Was brauchen die Menschen am dringendsten und wie kann ihnen geholfen werden?
Um ein konkretes Beispiel zu nennen: Viele von ihnen haben nicht einmal Turnschuhe. Wenn sie an unseren Aktivitäten teilnehmen, müssen sie barfuß laufen. Denn mit ihren Flip-Flops besteht Gefahr, dass sie hinfallen. Sie brauchen einfach alles. Stellen Sie sich vor, Sie kommen an einen Ort, an dem Sie nicht sein wollen, wo die Menschen um Sie herum eine fremde Sprache sprechen, das Leben ganz anders ist, als Sie es gewohnt sind. Sie müssen wieder von vorne anfangen. Und dann ist da noch der familiäre Druck. Sie kämpfen zwischen zwei Realitäten: Was Sie für sich selbst und Ihre Zukunft wünschen, und was Sie Ihrer Familie zurückgeben müssen. Denn sie haben das Gefühl, dass sie die Erwartungen ihrer Familie erfüllen müssen, weil sie Geld bezahlt haben, um sie hierher zu schicken.

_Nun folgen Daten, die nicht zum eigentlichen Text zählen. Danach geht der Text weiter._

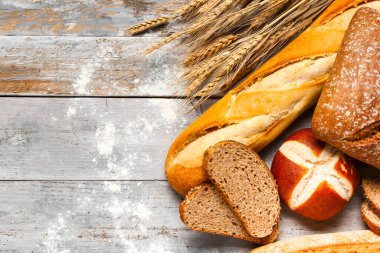 Gri ahşap masada farklı ekmek ve buğday kulakları.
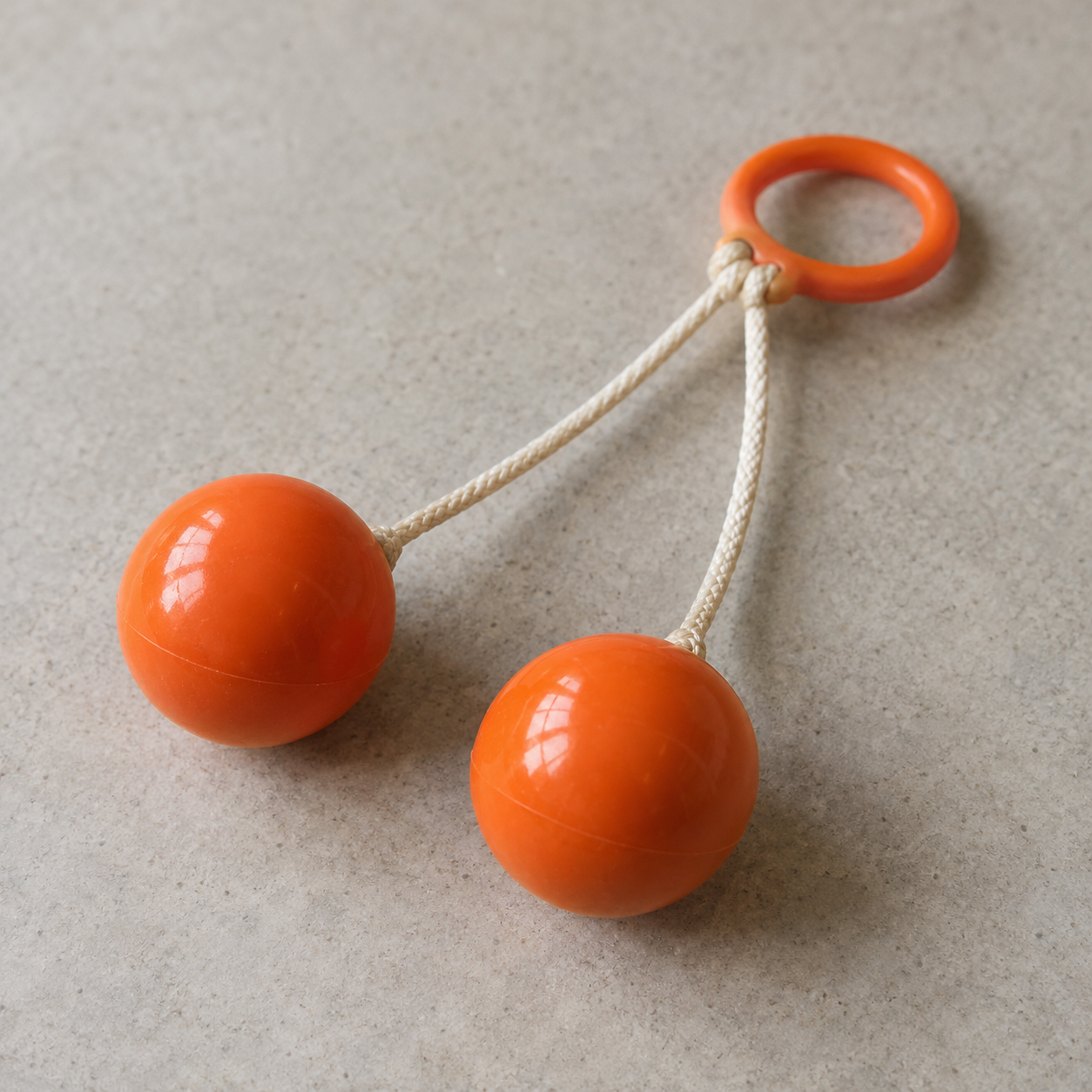 Orangefarbene Klick-Klack-Kugeln mit Schnüren und Ring auf neutralem Tisch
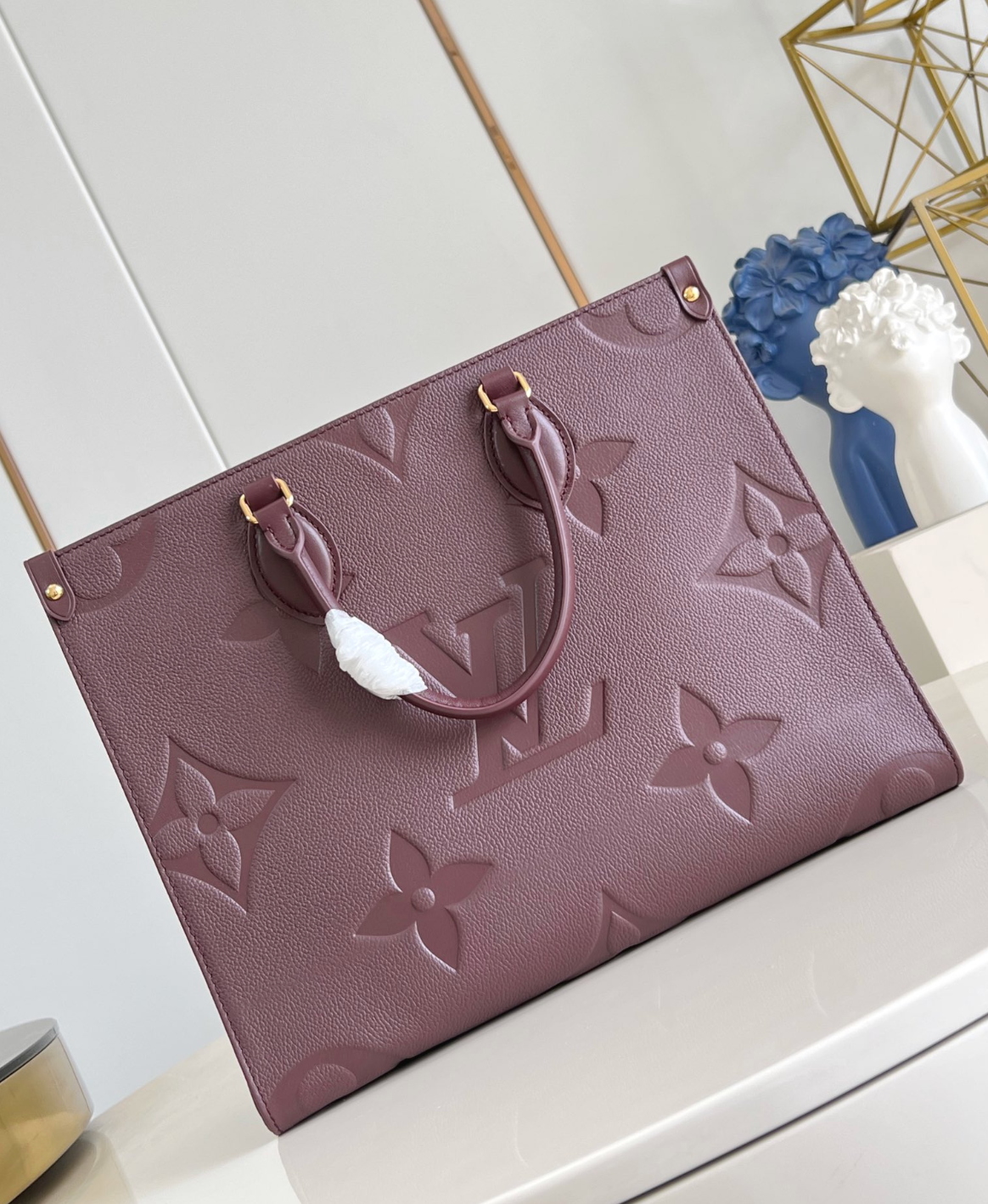 OnTheGo MM Monogram Empreinte Leather Tote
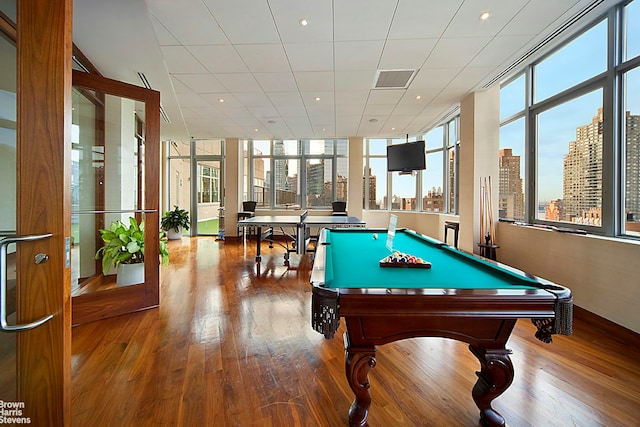 30 W 63rd St Unit 8T, New York City, NY 10023 - game room featuring healthy amount of natural light, wood finished floors, billiards table, floor to ceiling windows, and recessed lighting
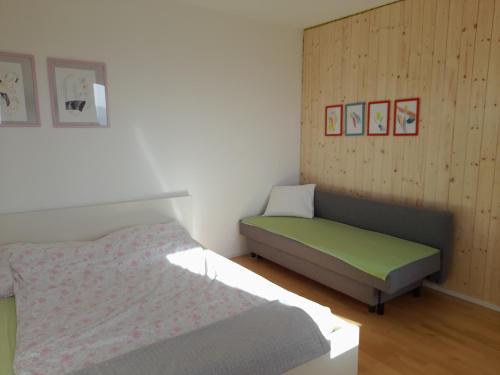 GreithMinihaus in den Bergen/ Small mountain house的一间卧室配有一张床和一张沙发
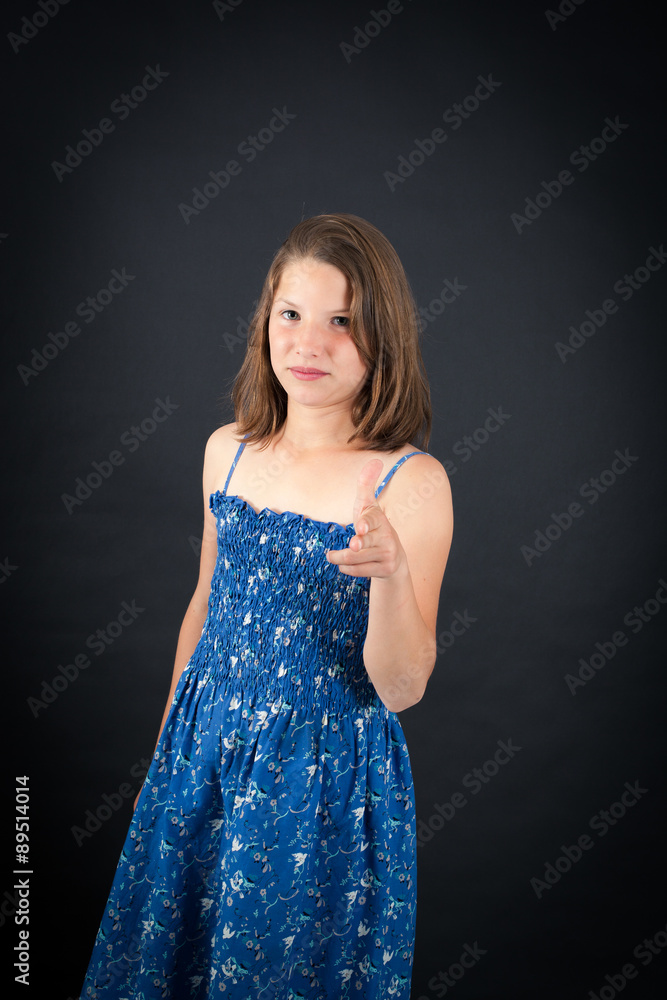 Beautiful girl doing different expressions in different sets of clothes: gun sign Beautiful girl doing different expressions in different sets of clothes: gun sign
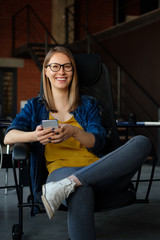 Wall Mural - Portrait of a girl with a phone in a modern office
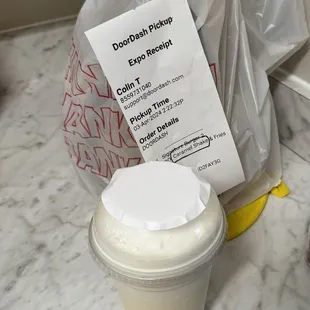 Signature Burger 2 with caramel milkshake and waffle fries.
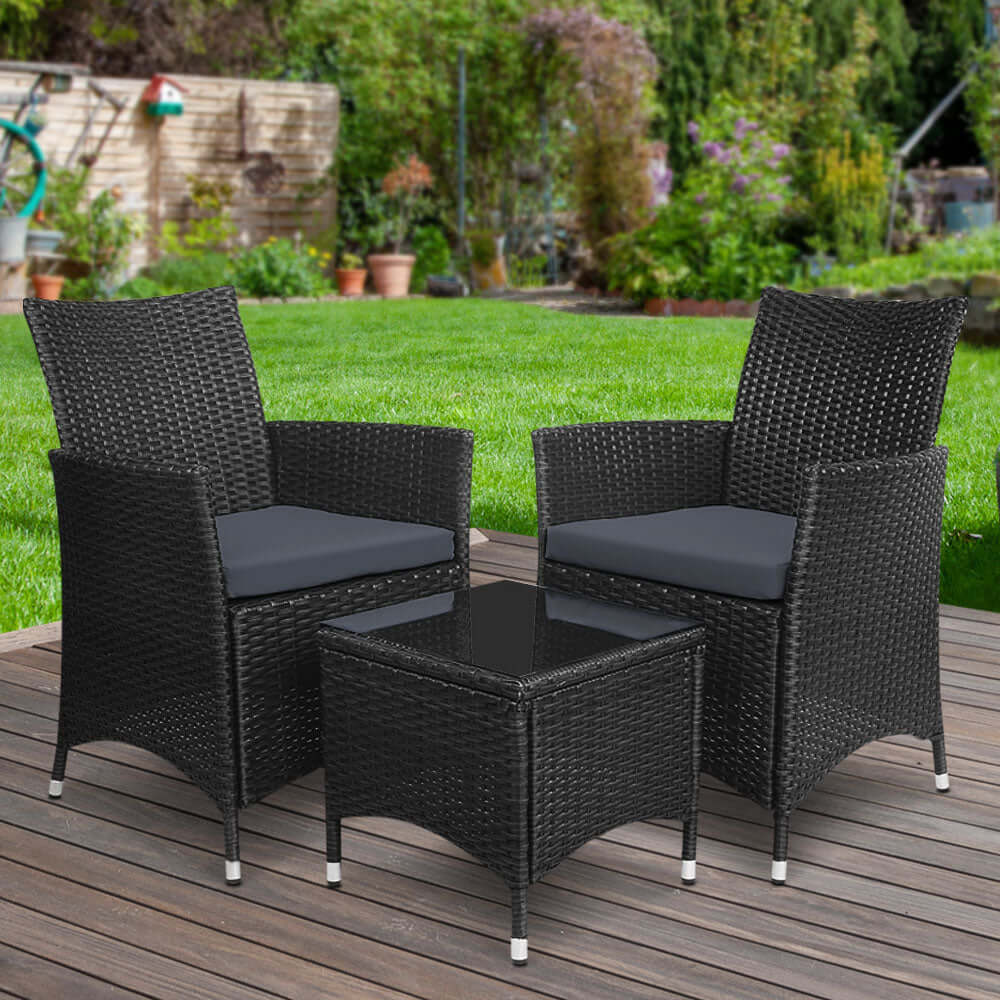 Gardeon 3PC outdoor wicker bistro set with black cushions on a patio, ideal for affordable and quality outdoor lounging.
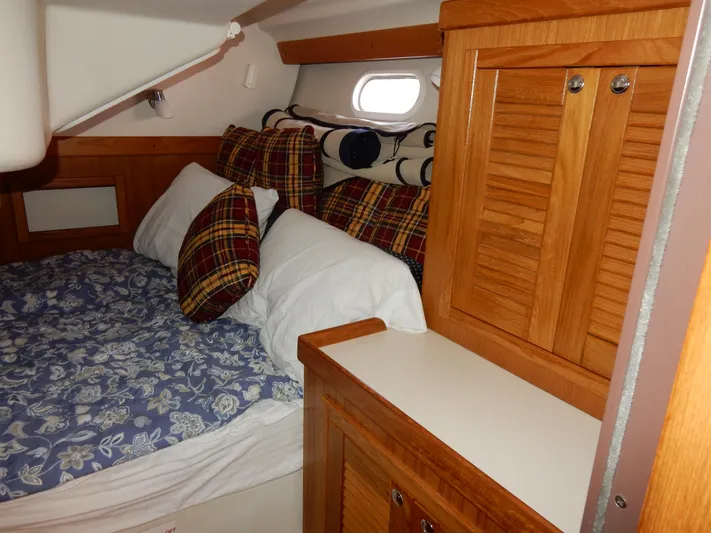 Milky Way Yacht Photos Pics Cozy cabin interior of 2004 Catalina 350 sailboat with plaid pillows and wooden cabinetry.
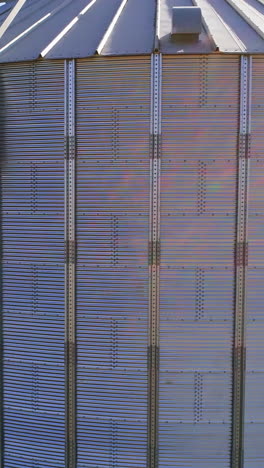 granary grain elevators. metal tanks for the storage crop. large bins for farming. vertical video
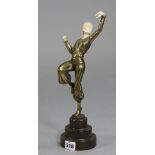 A reproduction bronzed & ivorine dancing female figure, on a stepped round base (left hand w.a.f),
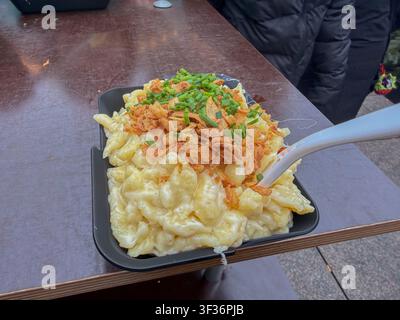 ULM, GERMANY - DECEMBER 13, 2025: Portion of traditional Swabian Kaesspaetzle with fried onions and chives served at the Ulm Christmas Market. Stock Photo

Es gibt verschiedene Möglichkeiten, wie man den Menschen helfen kann. Unsere Arbeit dreht sich darum, wie sie ihr Selbst und ihre Lebenskompetenzen aufbauen können, denn das ist etwas, das sie mitnehmen können, auch wenn sie draußen sind. Es ist etwas, dass sie immer gebrauchen können. Es ist wie ein neues Gepäck, das ihnen helfen kann, sich der Welt zu stellen.